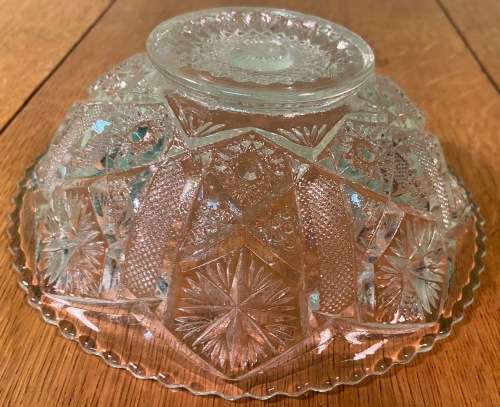 GLASS BOWL SMALL with pressed STAR SHAPED PATTERNS.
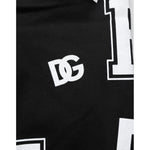Dolce & Gabbana Black Logo Print Cotton Casual Bermuda Short showing white 'DG' logo detail on black cotton fabric.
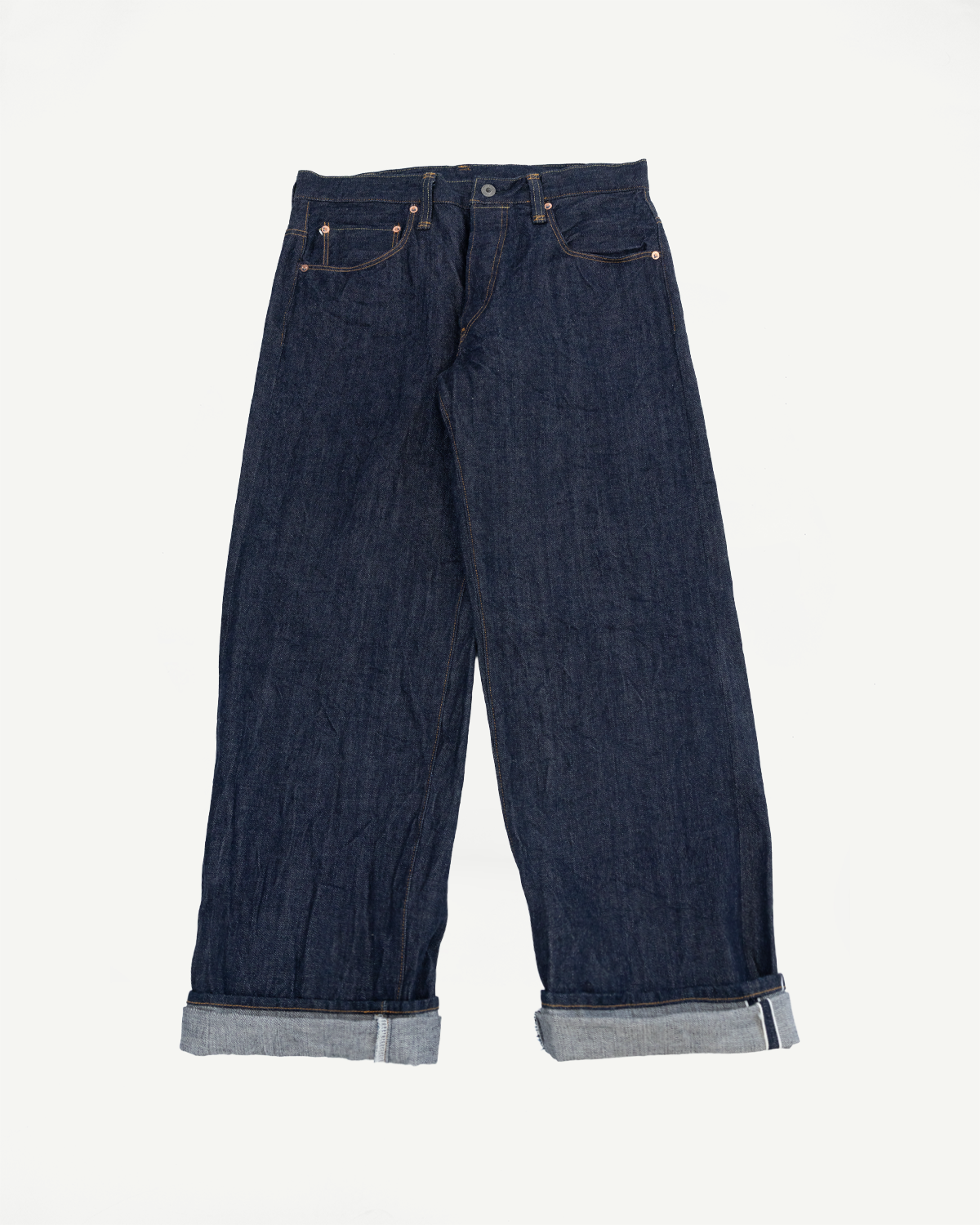 Front view flat lay of dark indigo wide-leg selvedge denim jeans with cuffed hems.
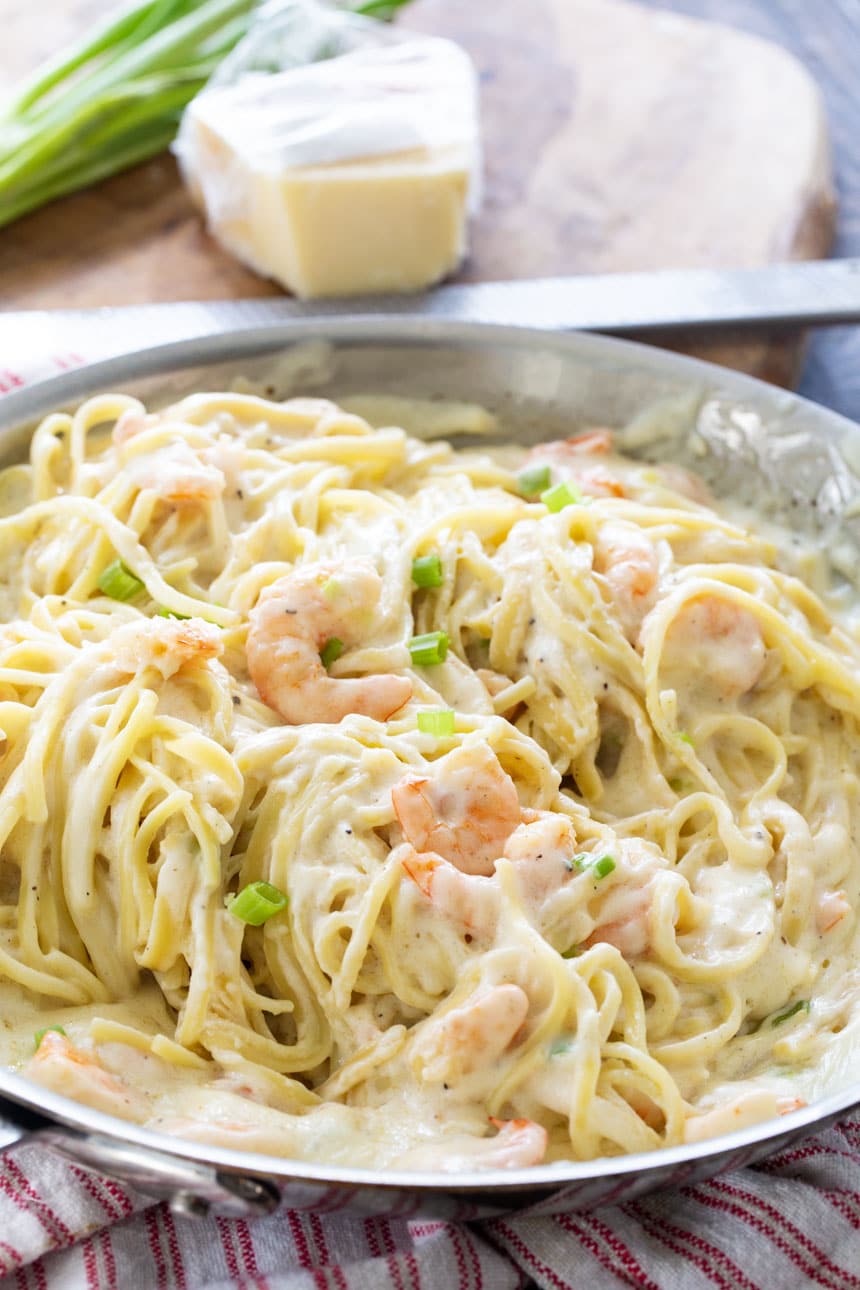 Pan full of Shrimp Alfredo with Parmesan cheese in background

§

▶ **Problem to solve**
Copy out all the data without changing anything, and drop the pictures.

▶ **Answer section**
 GLASS BOWL SMALL with pressed STAR SHAPED PATTERNS.
Dolce & Gabbana Black Logo Print Cotton Casual Bermuda Short showing white 'DG' logo detail on black cotton fabric.
 Front view flat lay of dark indigo wide-leg selvedge denim jeans with cuffed hems.
 Pan full of Shrimp Alfredo with Parmesan cheese in background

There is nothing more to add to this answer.